展眼到了四月底,院試考期漸至,明玉赴場考試,賈敏在家倒不如何擔心,明玉的才學如何她再清楚不過,即使不能像林海那般連中大小三元,榜上有名還是沒有任何問題的。
考試之後,明玉亦不擔心結果如何,看著天氣正好,恰是草長鶯飛仲春時節,便對賈敏提議道:「天兒漸漸暖和了,總在家裡待著,都不知道外頭春光正好,反正我也考完了,不如明天我帶上弟弟妹妹們去郊外放風箏玩罷。」
黛玉一聽十分高興,拍手笑道:「哥哥,我要個美人風箏。」
涵玉也附和著道:「我要個老鷹的!」
菁玉笑道:「母親就答應了吧,在家裡窩了這兩個月,再不出門人都要發霉了。」
黛玉和涵玉一左一右鑽進賈敏懷裡,撲閃著大眼睛可憐兮兮地看向賈敏,黛玉撒嬌道:「母親,我想出去玩。」
賈敏摟著幼子幼女,笑盈盈地道:「都想放風箏?」
除了明玉,其他三個孩子都點了點頭,賈敏笑道:「那還等什麼,快去做風箏,明兒一早咱們就出城去。」
黛玉和涵玉高興不已,拉了哥哥姐姐去書房做風箏,外頭雖有賣風箏的,但花樣太單一,明玉皆看不上,往年都是他給弟弟妹妹們做風箏,然後菁玉妙筆生花在風箏上作畫,這次自然也不例外。
賈敏對去年的夢境仍未敢忘,夢中今年這個時候,涵玉早已夭折,自己也壽命將終,留下黛玉一個人孤苦伶仃去長安投奔外祖母,開始了此後短暫而淒苦的一生,因此她對黛玉和涵玉姐弟倆就格外疼愛了一些,她現在就喜歡看黛玉無憂無慮的樣子。
回到姑蘇第二天去蟠香寺見玄靜師太,玄靜師太所說的話,每一個字都不亞於驚雷,讓賈敏心驚膽顫又暗自慶幸,原來夢中所見,竟然真是自己的另一樣人生。
那日玄靜師太見到賈敏,看了她許久方道:「命運二字說來簡單,卻又玄奧,命乃天定,運可逆轉,逆轉運勢亦會影響既定之命,命運之事,並非一成不變,此為人定勝天。林老爺仕途暢達,林太太命格主貴,然夫妻子女緣薄,二位皆非長壽之象,林太太命中本該無子,於今年壽數將盡,但施主如今兒女雙全,身體健康,將來命運已然逆轉。」
賈敏已在夢中經歷過一遭,聽到此話仍是心驚,連忙問道:「師太可知我的命運因何而變?」
「天機不可洩露,林太太既已改命,何必執著原因。」玄靜數著手中念珠,語氣平和緩慢。
賈敏釋然笑道:「師太說的是,竟是我魔障了,此生能得全家平安喜樂,足矣。」因此,她也確定了黛玉不會再走上淚盡夭亡的命運。
玄靜師太一番話,算是給賈敏吃了一顆定心丸,她放鬆心情,照料幾個子女,教黛玉畫畫彈琴,看明玉教涵玉練武健身,菁玉在一邊安靜地做針線,四個子女平安成長,這才是她夢寐以求的現實。

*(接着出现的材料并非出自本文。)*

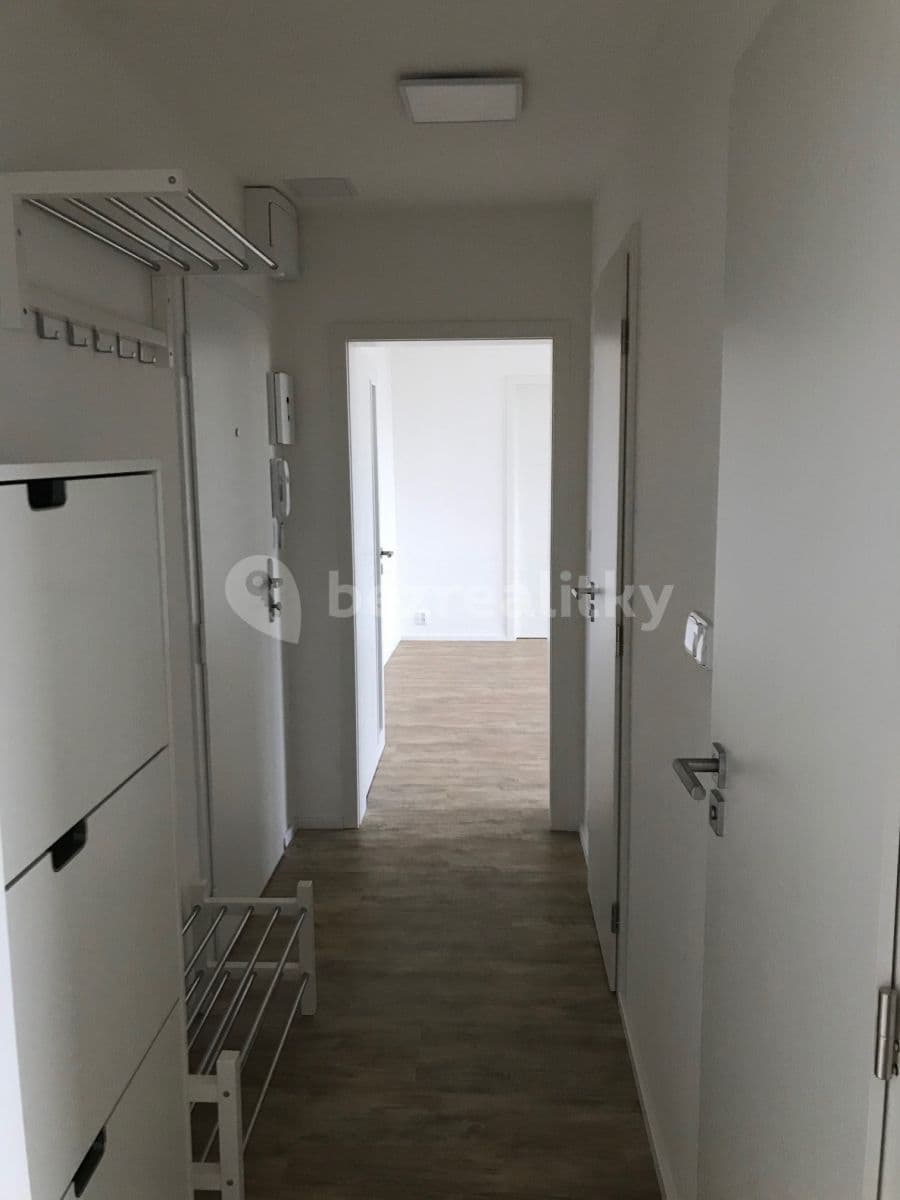 Pronájem bytu 3+1 60 m², Sulická, Praha, Praha Pronájem bytu 3+1 60 m², Sulická, Praha, Praha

在明玉和菁玉的共同努力之下,黛玉的美人風箏,涵玉的老鷹風箏很快完工,她給自己也做了個金魚風箏,晾一晚上,第二天風箏上的顏料便乾透了,一家五口歡歡喜喜地坐車去郊外遊玩。
姑蘇城外,綠柳碧水,繁花爛漫,正是仲春時節,風中夾雜著淡淡的花香和泥土味道,天際燕子飛翔而過,處處春光明媚,花團錦簇。黛玉和涵玉玩得意猶未盡,賈敏心情好,接下來已經計畫好了,她早先就派了落英先去莊子安排,把燒烤用具準備齊全,買了蔬菜肉食調味完成,等中午賈敏過去做烤肉吃。
到了莊子,菁玉自告奮勇地要當廚娘,肉片都已經切好了放了調料,可以直接上烤爐,菁玉在現代吃的燒烤裡除了肉還有別的食材,便讓紫菀紅藤去就近佃戶的菜地裡割韭菜摘茄子挖土豆,按照市價給佃戶菜錢。

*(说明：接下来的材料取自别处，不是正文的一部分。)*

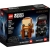 LEGO 40547 BRICKHEADZ OBI-WAN KENOBI I DARTH VADER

莊子裡有麵粉,菁玉洗了幾塊麵筋出來,切片後拌上調料,這時候紫菀和紅藤提了一籃子菜回來,笑道:「姑娘莫不是要烤菜不成?菜也能烤?」
「是啊,別以為菜不能烤,我今兒就給你們露一手。」菁玉先把切好的麵筋放上烤爐,等丫鬟們把菜洗乾淨,韭菜不用切,拌上調料可以直接上烤爐,茄子一剖兩半,土豆切成薄片,抹上調料再上爐。
黛玉和涵玉年齡小都不能吃辣,賈敏就分成了兩份,將烤熟的沒有放辣椒的夾出來給黛玉和涵玉吃。

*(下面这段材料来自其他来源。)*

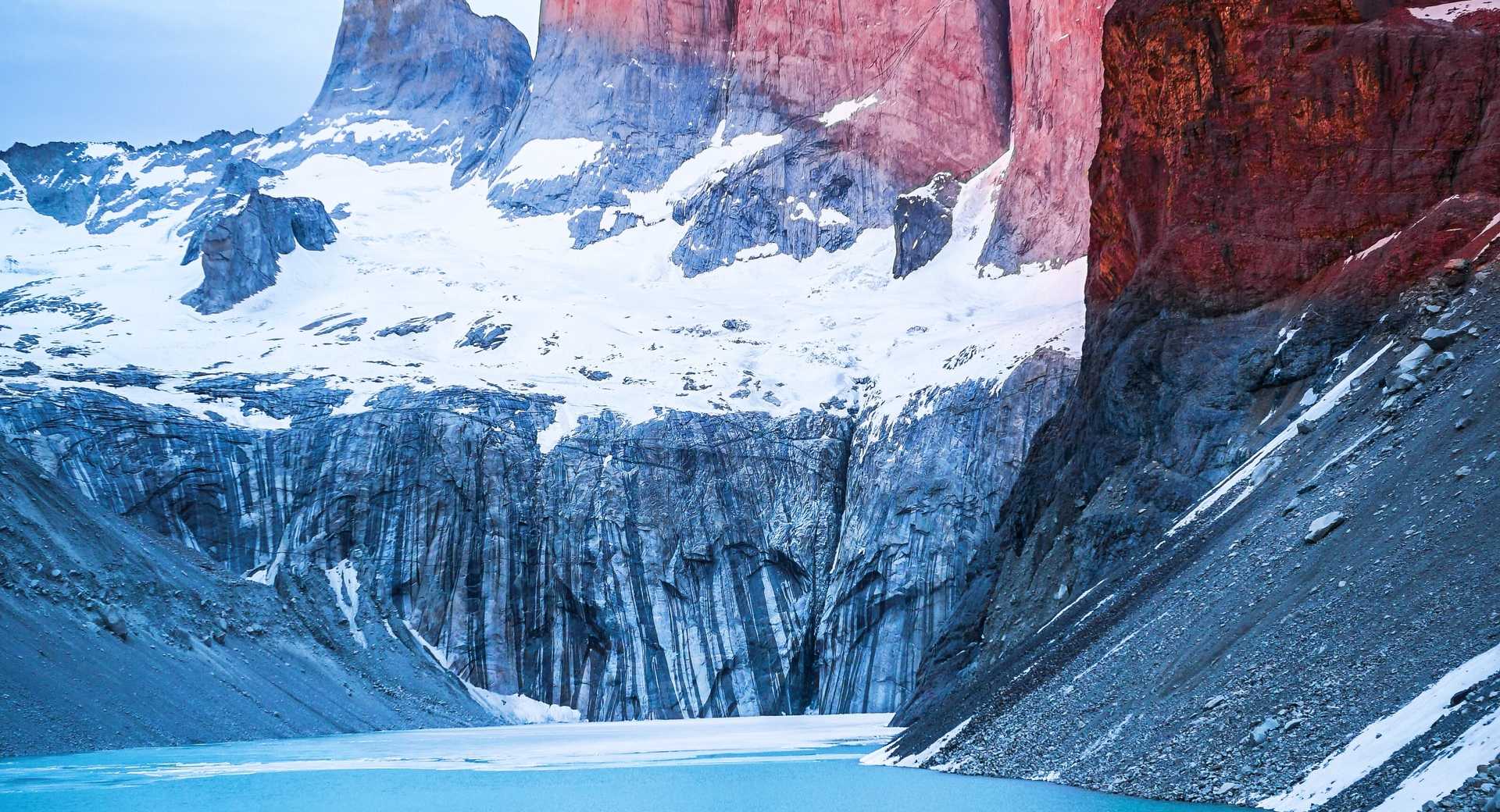 When is the best time to visit Chile? | Kandoo Adventures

黛玉和涵玉年齡都還小,吃了肉不好消化,菁玉烤的這幾樣蔬菜正好適合兩個孩子,而且她烤出來的蔬菜味道竟比烤肉還要美味許多,烤肉沒吃完,一籃子蔬菜倒吃了個乾淨,黛玉打了個飽嗝,看著菁玉道:「姐姐我還要。」
賈敏笑道:「真是個小饞貓,已經吃了那麼多,可不能再吃了,不然該鬧肚子疼了。」
黛玉撅了撅嘴,片刻後說道:「那就等明天吧。」見賈敏點了點頭,黛玉立即高興地笑了,接著說道:「姐姐,明兒多買點菜吧,不然弟弟老跟我搶。」
菁玉哭笑不得,她這是把黛玉養成個小吃貨了?
一家人在莊子住了三天,回到林府的第二天,學政上就派人來報喜,送來了藍衫和銀雀帽,恭喜林懋考中了第三名,此後便是秀才相公了。
簪花禮後,賈敏攜子女回到揚州,林海得知兒子考中秀才十分歡喜,揚州各及官員鹽商亦紛紛登門道賀。
次日,一封來自福建的家書送到林府,賈敏拆開一看,不禁大驚失色,正是林瀠來信,信上說她想和衛桭和離!